The sociologist was reported as saying that some of India's most disadvantaged groups were the "most corrupt".
He later clarified saying he meant that the poor and disadvantaged were more likely to get caught than the rich.
He had filed a petition in the court after fears that he would be arrested.
On Friday, the bench headed by Chief Justice Altamas Kabir told  Nandy that he must "exercise caution" in the future if the "intention was not to cause hurt to the sentiments of another person or community".
In his petition, the academic had argued that lodging a case against him "is against the basic principles of the fundamental rights which envisages that free speech is the foundation of a democratic society".
He said that in the "surcharged environment... and the rabid statements made by important political personalities, his physical safety is itself compromised and there is imminent threat of injury to him".
A number of political parties have criticised Prof Nandy's remarks, but several academics have also supported him.
Former chief minister of Uttar Pradesh state and low-caste Dalit leader Mayawati said that he should be "sent to jail".
"Most corrupt people come from Other Backward Classes, scheduled castes and scheduled tribes [three disadvantaged groups]," Prof Nandy was quoted as saying during a panel discussion at the festival.
He later said that he was sorry if anybody was hurt because of the misunderstanding and clarified his comments.
"I have been misquoted. What I meant was that most of the people getting caught for corruption are people from OBC, SC and ST communities, as they don't have the means to save themselves unlike people from upper castes," he is quoted as saying by The Hindu newspaper.
Dalit scholar Kancha Ilaiah said Prof Nandy had made "a bad statement with good intentions".
"While referring to Dalits as corrupt, Prof Nandy probably missed out saying that upper castes [in India] have always been corrupt," Prof Ilaiah said.

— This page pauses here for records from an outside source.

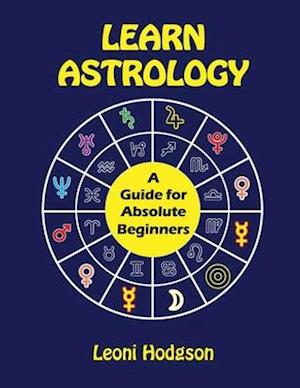 Learn Astrology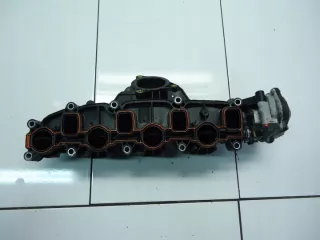 03L129711AG 03L129086 Коллектор впускной Volkswagen Golf 6 Арт e12217680, вид 3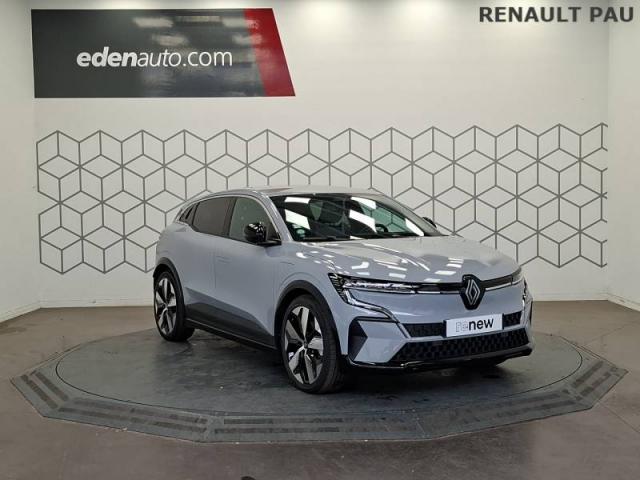 Renault Mégane image 6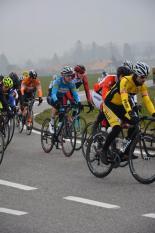 3ème manche des Classiques du Littoral 100Km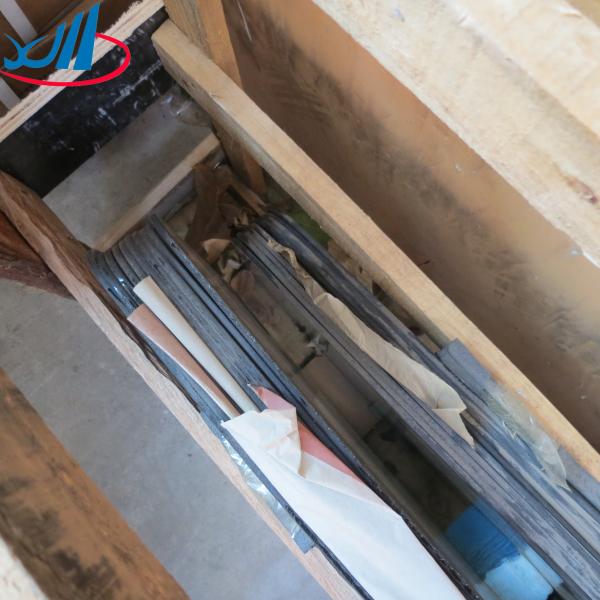 SINOTRUK HOWO Truck Safety And Durable Front Windshield WG1642710001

The most recent kerfuffle involve movie personalities Shah Rukh and Kamal Haasan who are extremely successful, talented artists with millions of rupees and many jobs riding on them and their films. 
Yet, they are under attack, victims of what some term cultural terrorism and even state terrorism. Shah Rukh cornered for his views on what it is to be a Muslim in India and Kamal Haasan for making a film that allegedly has scenes that some Muslim groups find objectionable and that the Tamil Nadu government seeks to ban.
An upset Shah Rukh - in the thick of controversy for an article that sparked a ridiculous war of words between New Delhi and Islamabad after Pakistan's Interior Minister Rehman Malik said the Indian government should offer him security - said the "unwarranted twist" was "nonsense".
Nowhere in the article, a first person account for Outlook Turning Points magazine, does he state or imply directly or indirectly that he feels unsafe, troubled or disturbed in India, the star said, reading out from a statement.
"It does not even vaguely say that I am ungrateful for the love that I have received in a career spanning 20 years. On the contrary the article only says that in spite of bigoted thoughts of some of the people that surround us, I am untouched by scepticism because of the love I have received by my countrymen and women," said the actor, who has been in the eye of so many storms.
Ironically all of this I happening as India marks Mahatma Gandhi's death anniversary and a time to recall the spirit of tolerance.
One commentator wrote that the  standard explanation given by the Muslim radicals for lambasting Rushdie or Haasan is that they have hurt the community's religious sentiments.
It is the same argument which compelled Galileo to deny in the 17th century that the earth moved round the sun since his claim was found hurtful to their beliefs by Christians at the time. It took the Catholic church three centuries to offer a formal apology for its denunciation of the astronomer.
Yet, this argument is offered time and again in 21st century India to satisfy the prejudices of the diehards, the commentator said.